## Instructions for the task
The expected result is a verbatim repetition of the lines from the start of the entries through the line containing "Dolce & Gabbana", with the pictures removed.

## Source records
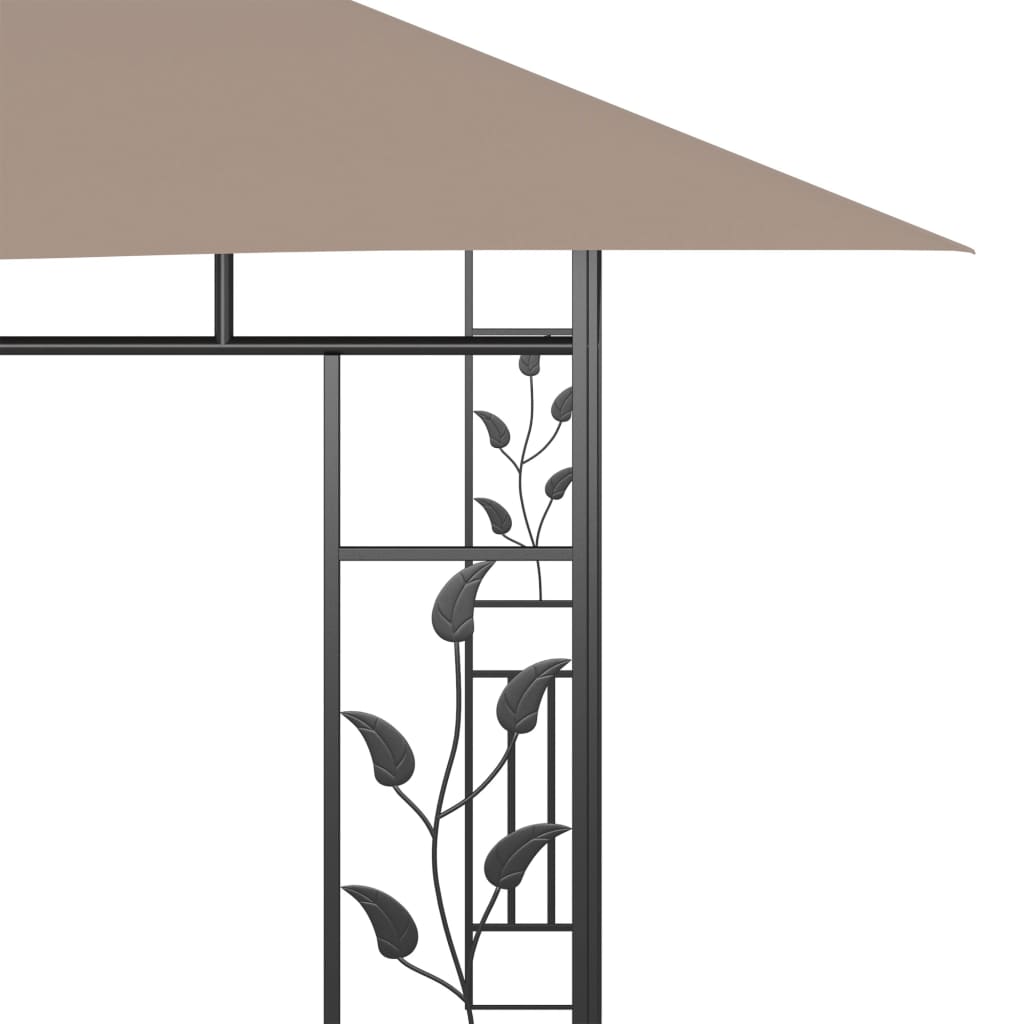 Pavillon mit Moskitonetz & LED-Lichterkette 3x3x2,73m Cremeweiß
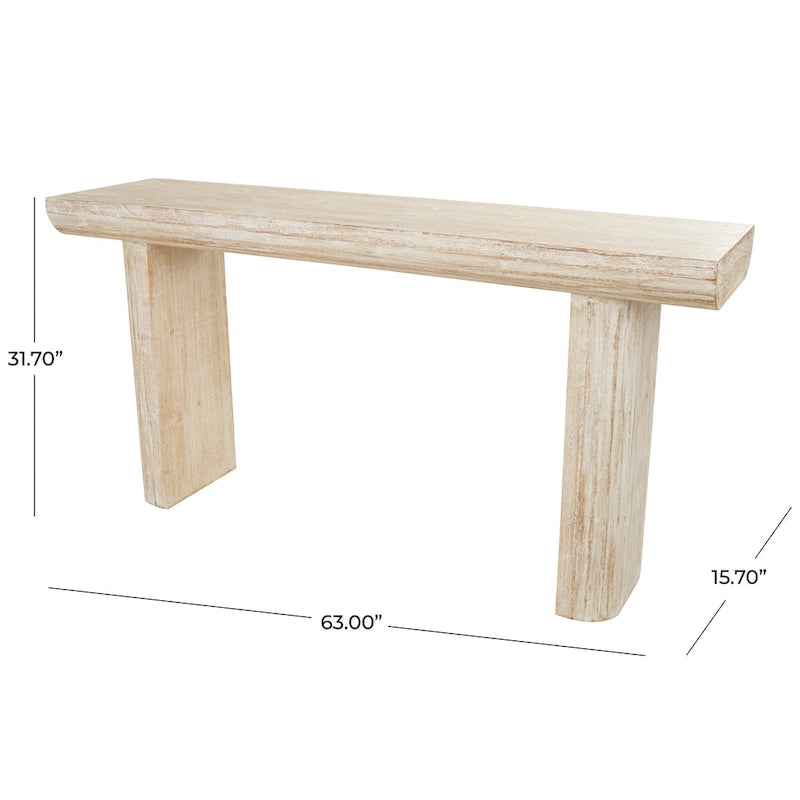 Wood Simplistic Console Table with Block Legs - Beige - Roche River Decor - 16Wx63Lx32H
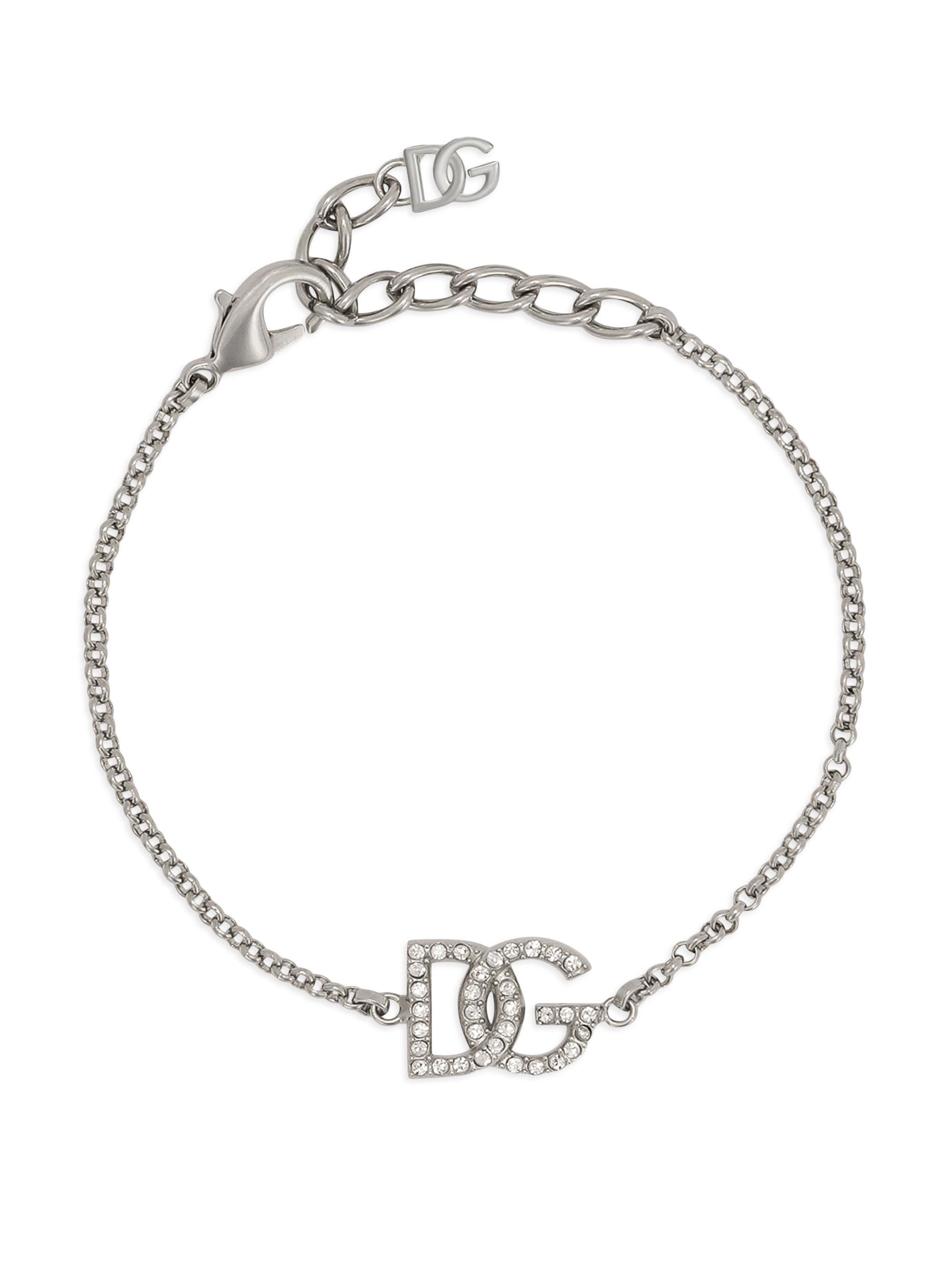 Dolce & Gabbana Men's Crystal DG Logo Rolo Chain Bracelet - Silver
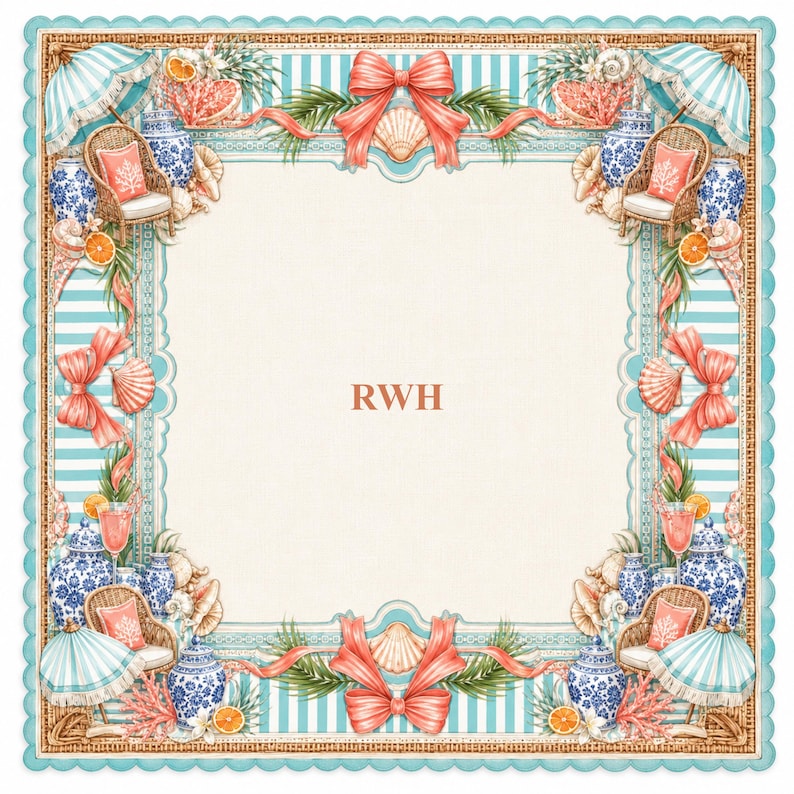 May include: A square decorative textile featuring a cream center with the letters RWH in orange. The border displays a coastal theme with blue and white striped patterns, coral-colored bows, seashells, wicker chairs, blue and white vases, and umbrellas.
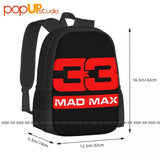Mad Maxs Verstappen Backpack Large Capacity Art Print Sports Style Bags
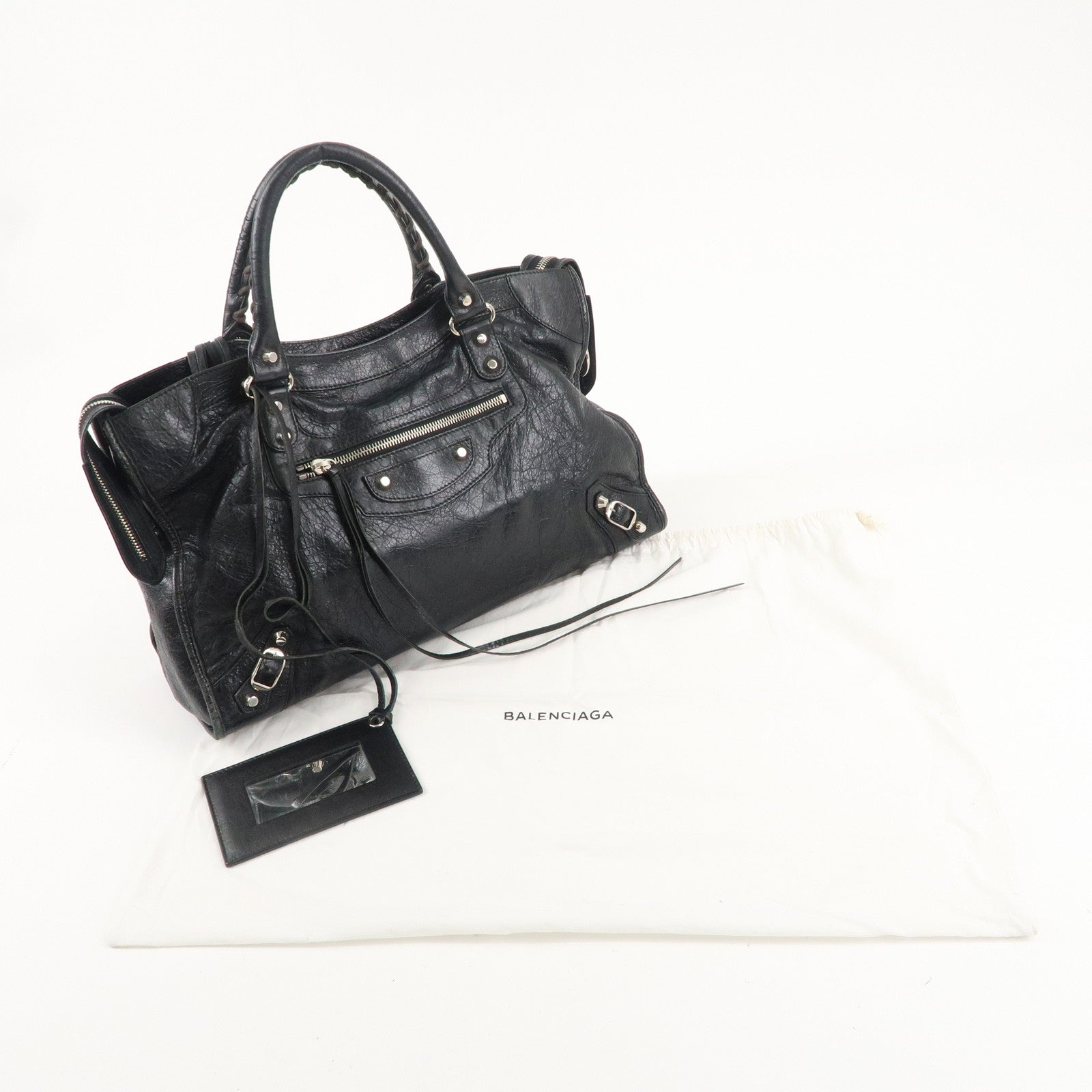 BALENCIAGA Leather The City Hand Bag Black 115748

## Exercise result
 Pavillon mit Moskitonetz & LED-Lichterkette 3x3x2,73m Cremeweiß
 Wood Simplistic Console Table with Block Legs - Beige - Roche River Decor - 16Wx63Lx32H
 Dolce & Gabbana Men's Crystal DG Logo Rolo Chain Bracelet - Silver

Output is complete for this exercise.